Nearly two weeks after the military announced new “clearance operations” in northern Rakhine state, villagers continue to flee their homes.  

The operation has focused on Kyauktan village, in Rathedaung township, but has also spilled into villages in nearby Ann township.

Border affairs and security minister colonel Min Than, who announced the operation, told Myanmar Now on Monday that the military had clashed with Arakan Army (AA) troops outside of Kyauktan over the weekend and into the week. 

The AA, an armed ethnic Rakhine group, is fighting for greater state autonomy. The government earlier this year declared them a terrorist organisation.

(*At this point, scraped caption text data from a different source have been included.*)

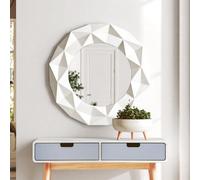 Orsina White High Gloss Pu Wall Mirror, Easy To Clean Bedroom Wall Mirror, High-Quality Antique Mirror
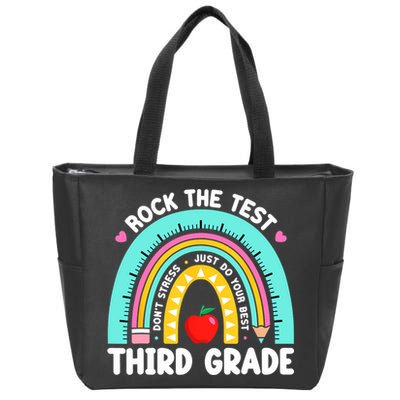 3rd Grade Teacher Rock The Test Day Third Grade Testing Day  Zip Tote Bag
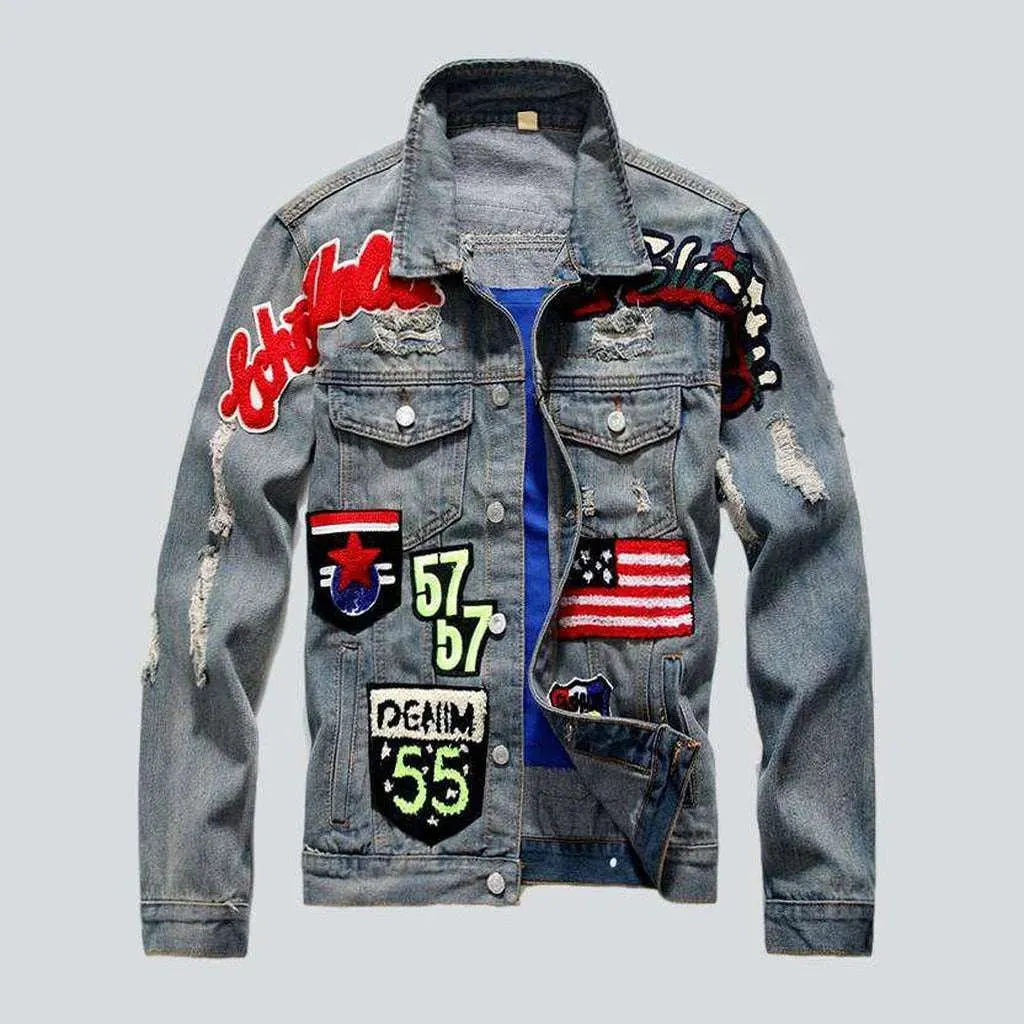 Color embroidery men's denim jacket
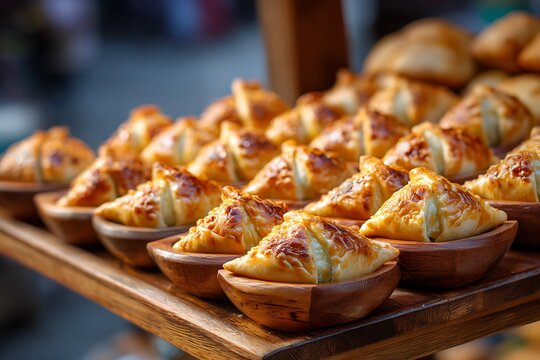 Golden baked mini meat fatayer pastries on wooden tray outdoor food market display close-up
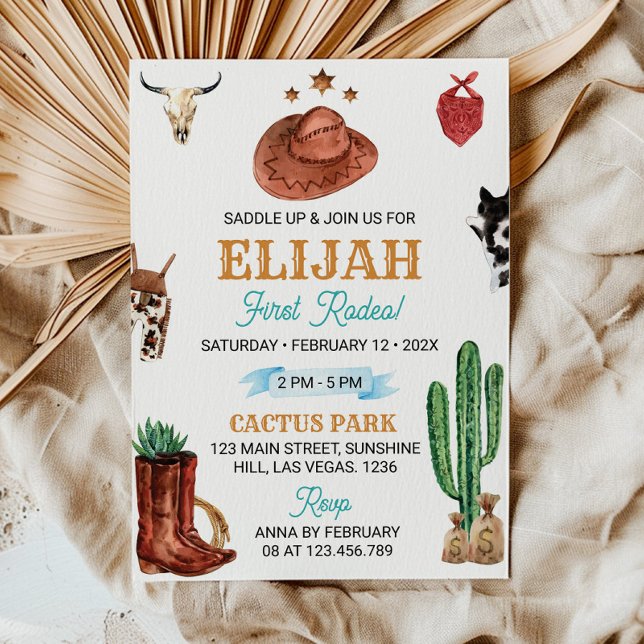 Saddle Up First Rodeo Cowboy Birthday Invitation (Creator Uploaded)
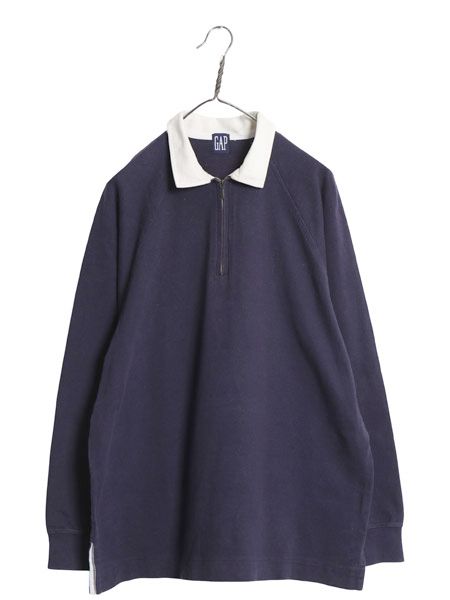 90s オールド ギャップ ハーフジップ 長袖 ラガー シャツ メンズ M 紺タグ 長袖シャツ ラグビー ポロシャツ 無地 ボックス カットソー 紺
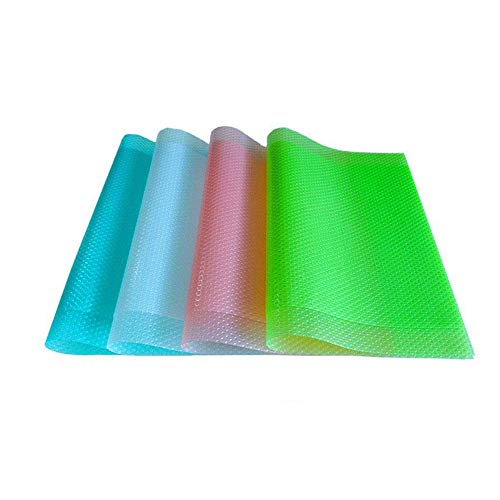 STONE DRUM Fridge Liners 8PCS EVA Shelf Liners 11.4"x17.7" Washable Refrigerator Pad Mat Liner Non-Adhesive Cupboard Liners Non-Slip Cabinet Drawer Table Liners - 4 Mixed Color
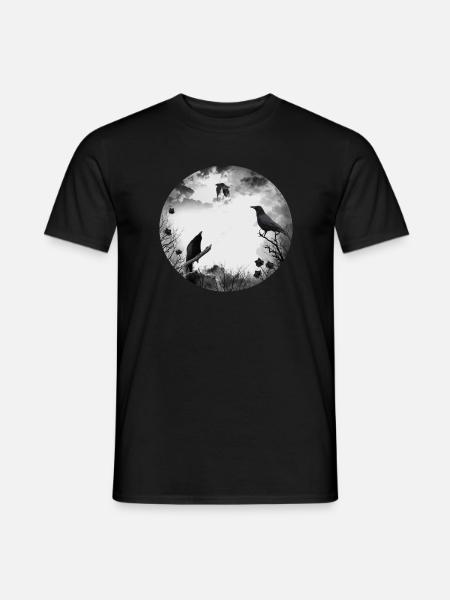 Gothik Krähen Raben - Männer T-Shirt - Schwarz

“We can’t just let the AA occupy this area and not attack them,” he said. 

Htay Aung, who fled Kyauktan just after the operation was announced, on June 23, told Myanmar Now earlier this week that he can still hear the artillery fire from the town of Rathedaung, where he is now sheltering. 

He said the military was targeting Kyauktan and nearby Aung Thar Si village. 

Rathedaung MP Khin Maung Latt told Myanmar Now military troops entered the area on June 28 and 29 and that the clashes are still ongoing. 

“We haven’t heard gunfire today but the markets and shops are still closed,” he said on Monday.

At about 7pm on June 26, artillery shelling killed two villagers in Nat Maw village, thirty miles northwest of the city of Ann. 

Three others, including a two-year-old, were seriously injured. 

Villagers there told Myanmar Now there had also been shelling in nearby Dar Let North at about 4pm on June 28.

As of Wednesday, about 10,000 civilians from villages in the Ku Taung village tract of southern Rathedaung township had fled, according to regional MP Tin Maung Win. 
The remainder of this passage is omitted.